Egypt’s Ministry of Civil Aviation would like to promote the use of domestic biofuel that can be used for aircraft to comply with international agreements to reduce carbon dioxide emissions. Those agreements state that the petroleum component of aircraft kerosene should be reduced by 3 to 5 percent by 2020 and replaced by biofuels. Meanwhile, the cost of air pollution to Egypt’s economy has almost doubled in nearly 25 years, going up to $17 billion a year, a sum equivalent to 3.58 percent of the country’s GDP according to a 2016 report on the cost of air pollution on the international economy issued by The World Bank and the Institute for Health Metrics and Evaluation at the University of Washington in Seattle.
The proportion of domestic air pollution in Egypt decreased by nearly 95 percent in 2013 compared to 1990. In 2013, an estimated 39,118 Egyptians died of air pollution.
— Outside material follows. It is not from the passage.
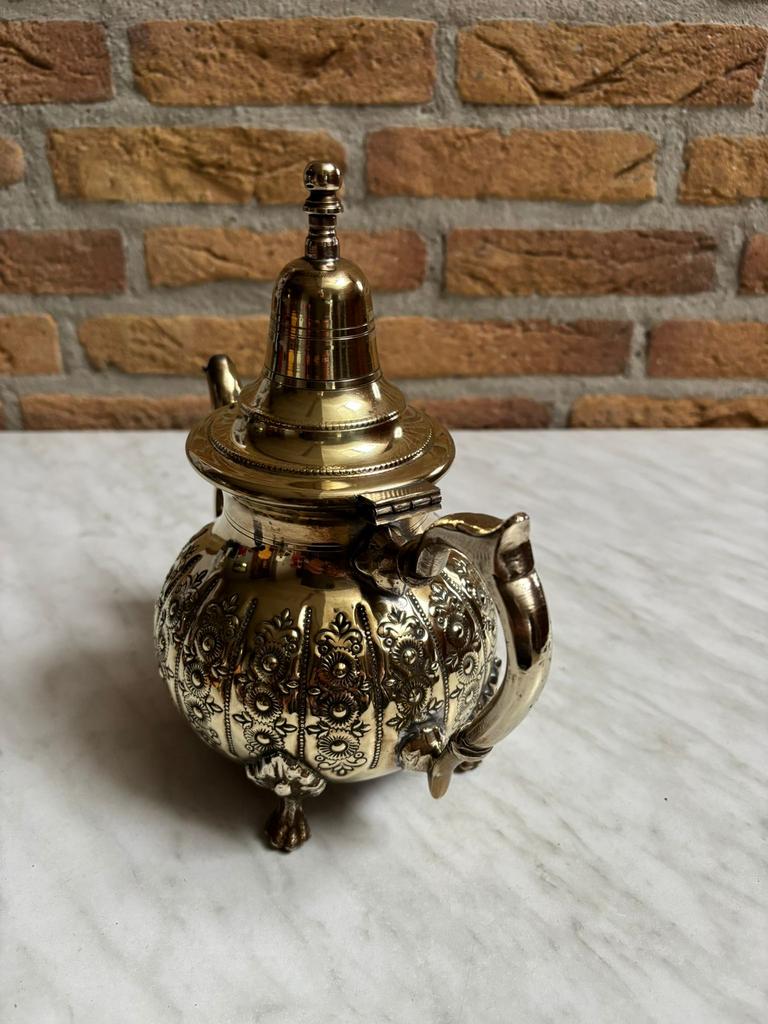 Koper kannetje, Antiek en Kunst, Antiek | Koper en Brons, Ophalen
While that number is down from earlier years, the amount of air pollution was still three-and-a-half times higher than World Health Organization standards. Air pollution is ranked fourth among the world’s leading causes of death after hypertension, smoking, and food quality hazards, with the aviation industry accounting for 12 percent of the total carbon emissions produced by transportation internationally, according to a report by the Air Transport Services Group in 2011. The proportion of pollution produced by aircraft is on the rise, as air traffic increases.
The National Research Center’s efforts are based on transforming natural oils so they have characteristics close to that of the kerosene used as fuel for airplanes in terms of combustion, viscosity, volatilization, flash point, and freezing point. The produced biofuels should resist freezing at temperatures up to minus 50 degrees Celsius (-122 Fahrenheit) to be suitable for aircraft engines. Lowering the freezing point of the natural oils is the biggest challenge the Research Center’s team managed to solve.
“The team has been able to produce biofuel that would not freeze at up to 70 degrees below zero, through a process known as ‘hydro tracking,’” said El-Diwani.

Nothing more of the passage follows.